Three senior figures from the Materials Processing Institute have been invited to contribute to a United Nations Industrial Development Organisation (UNIDO) initiative to decarbonise heavy industry.
Since launching its Industrial Deep Decarbonisation Initiative (IDDI) at the 12th Clean Energy Ministerial in June 2021, and it being announced at the COP26 climate conference, it has established three technical working groups to progress policy designed to create demand for low-carbon materials, including steel and concrete.
IDDI is a coalition of public and private organisations co-ordinated by UNIDO and led by the governments of the United Kingdom and India, with current members including Germany, Canada, and United Arab Emirates.
These countries have already signalled their intention to buy low-carbon steel and concrete and the IDDI is seeking to align government action to create markets for low-carbon industrial products by establishing public and private sector procurement targets, incentivising investment in low-carbon product development, and revising industry guidelines.
The UK-based Materials Processing Institute was selected to take part as it is at the forefront of research and development to decarbonise the foundation industries, including steel and cement.
In 2020, the Institute was awarded the PRISM research and innovation programme with funding provided through Innovate UK, part of UK Research and Innovation.
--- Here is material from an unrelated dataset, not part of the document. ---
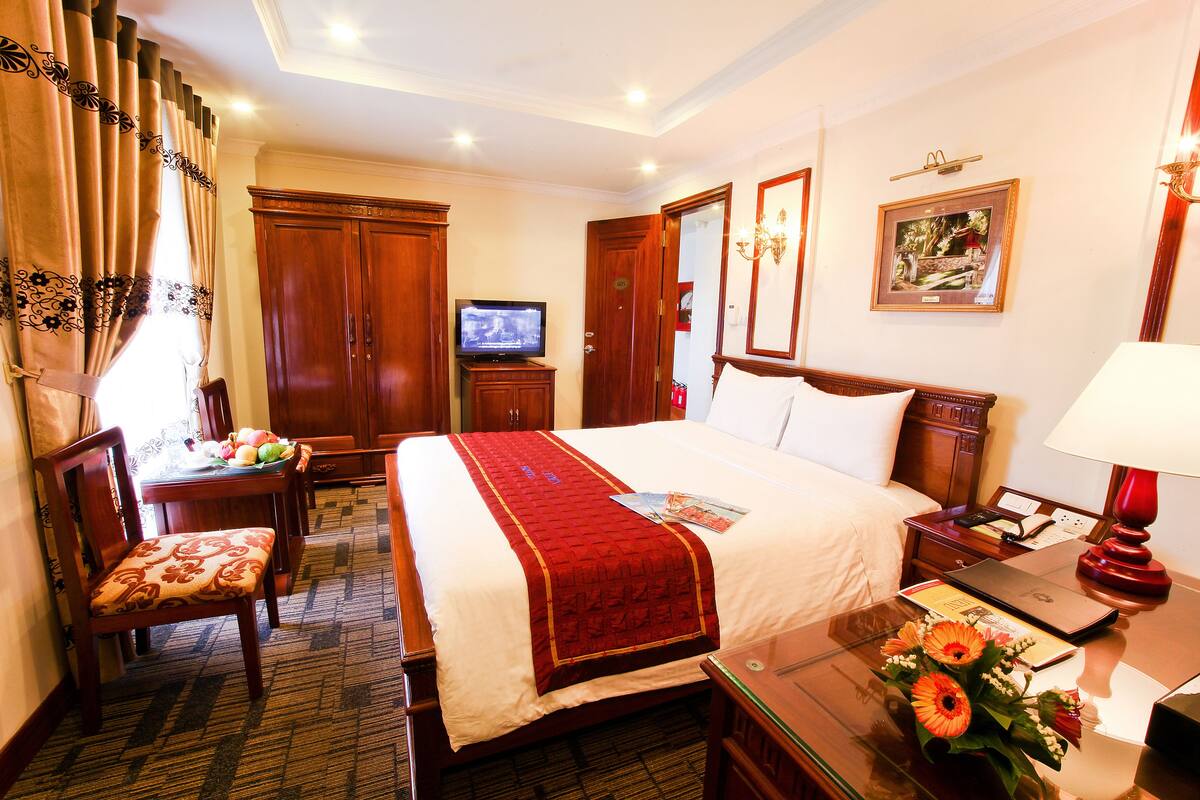 Minibar, in-room safe, desk, soundproofing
This five-year programme supports innovation in decarbonisation, digital technologies, and the circular economy within the steel and metals sector.
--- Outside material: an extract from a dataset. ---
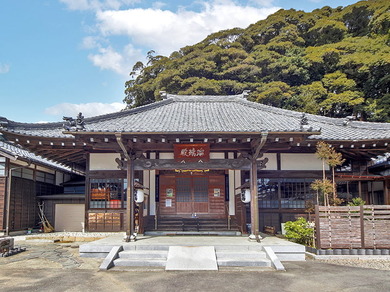 医王寺霊苑の外観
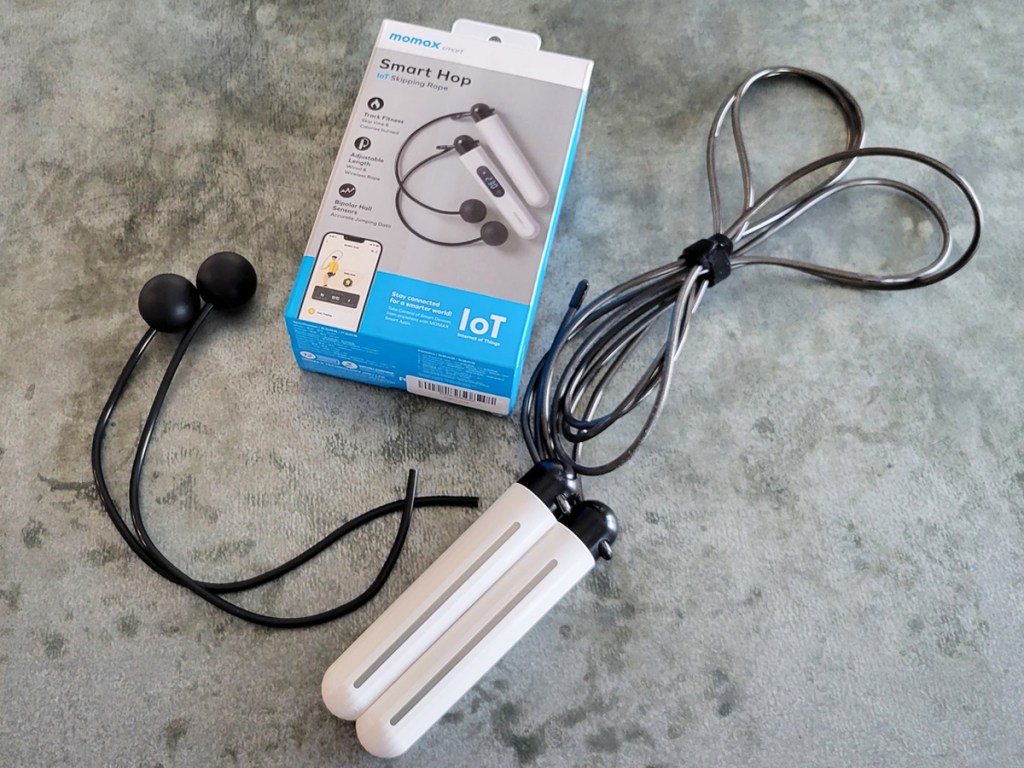 box and accessories for Momax Smart Jump Rope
In addition, the not-for-profit organisation is also involved in a wide range of research programmes focused on minimising the use and extending the life of materials, promoting the circular economy, and reducing waste, emissions, and energy leakage.
Chris McDonald, the Institute’s Chief Executive, will sit on the Low-Carbon Standards Advisory Group, which supports the development of material-specific standards or guidelines for measuring the life cycle of greenhouse gas emissions of steel, cement, and concrete.
Dr Gerard Stephens, Director of Operations, joins the Green Public Procurement Advisory Group, which aims to agree a joint approach to measuring and reducing embodied carbon in concrete and steel in public construction projects, while Chief Technology Officer, Alan Scholes, will advise the Data and Reporting Advisory Group, which will draw up guidelines for data collection and green public procurement reporting frameworks. All are serving on a voluntary basis for the extent of the initiative.
Chris McDonald said: “The Materials Processing Institute is already a globally-recognised centre for research and development into the commercialisation of the technology that can deliver industrial decarbonisation.
“It is a measure of the knowledge and expertise available at the Institute, that it has been invited to contribute to each of the IDDI’s three advisory groups and we are all honoured to take part.
“This initiative is a great example of countries and organisations coming together under UNIDO to ensure that governments can use their purchasing power to stimulate the market for green steel and concrete.”
Current methods of production mean steel and cement are among the most carbon-intensive industrial materials on the planet accounting for between 14 and 16 percent of global energy-related CO2 emissions.